Kontradiksi Gelar Pahlawan Soeharto dan Marsinah
Namun, sentralisasi yang sama menciptakan ruang gelap tanpa kontrol sehingga memberi celah penyalahgunaan kekuasaan pada kala itu. Dengan kehadiran Dwifungsi ABRI pada masa Orde Baru, memungkinkan militer untuk hadir dalam menjaga ketahanan nasional serta mengatur birokrasi, dari pemerintahan daerah hingga lapisan masyarakat.
Hal tersebut memicu protes dari rakyat, namun alih-alih merespons dengan dialog sosial, pemerintah justru menjadikan ancaman sebagai penyelesaian untuk menjaga kestabilan nasional. Dalam iklim semacam ini, oposisi dan gerakan masyarakat mudah ditempatkan dalam bingkai “pengganggu stabilitas,” sebagai langkah pembatasan demi mempertahankan jalannya pembangunan.
Serangkaian kasus seperti Wasior dan Wamena merupakan bentuk nyata bahwa pola represif itu tidak hilang begitu saja, melainkan berlanjut di wilayah yang dianggap rentan oleh negara.
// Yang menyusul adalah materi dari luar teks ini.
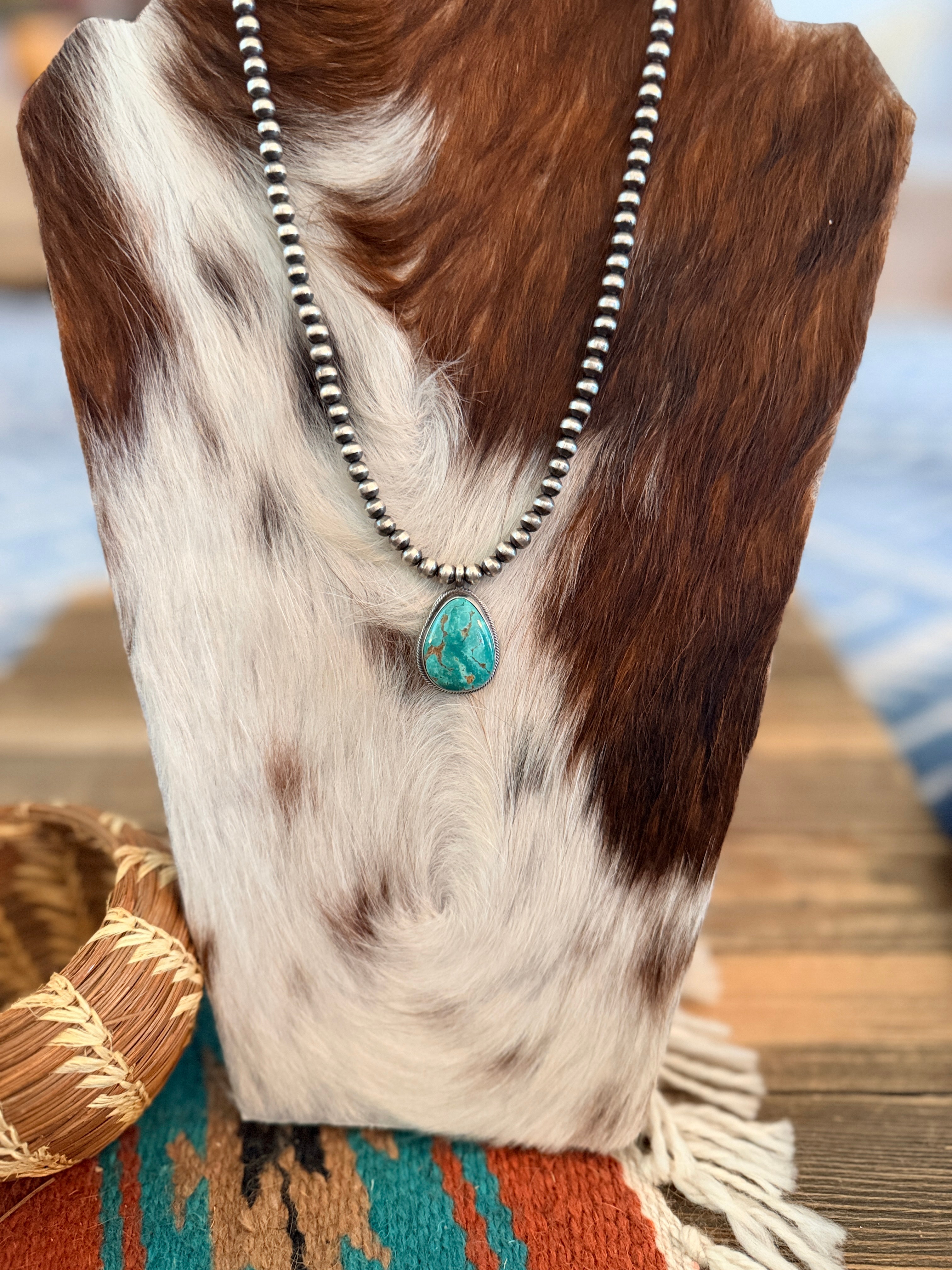 Handcrafted Turquoise & 5mm Sterling Silver Pearl 18” Beaded Necklace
Tak hanya kasus tersebut, sejarah juga sudah mencatat bahwa pada masa kepemimpinan Soeharto sarat pelanggaran hak asasi manusia, seperti peristiwa 1965–66, penembakan misterius, integrasi Timor Timur, serta kerusuhan Mei 1998.
Selain itu, sistem politik otoriter dan praktik korupsi yang meluas menjadi kritik utama terhadap warisan Orde Baru. Secara administratif, Soeharto dinilai memenuhi kriteria pahlawan karena jasa dan pengabdiannya terhadap bangsa.
Akan tetapi, banyak akademisi menekankan bahwa kepahlawanan tidak hanya diukur dari keberhasilan pembangunan, melainkan juga dari moralitas dan penghormatan terhadap hak asasi manusia. Dengan demikian, perdebatan mengenai gelar Pahlawan Nasional bagi Soeharto menunjukkan bahwa makna kepahlawanan di Indonesia masih bersifat kompleks.
Soeharto diakui berperan besar dalam pembangunan, tetapi warisan politik dan dugaan pelanggaran HAM di masa pemerintahannya tetap menjadi catatan sejarah yang tidak dapat diabaikan.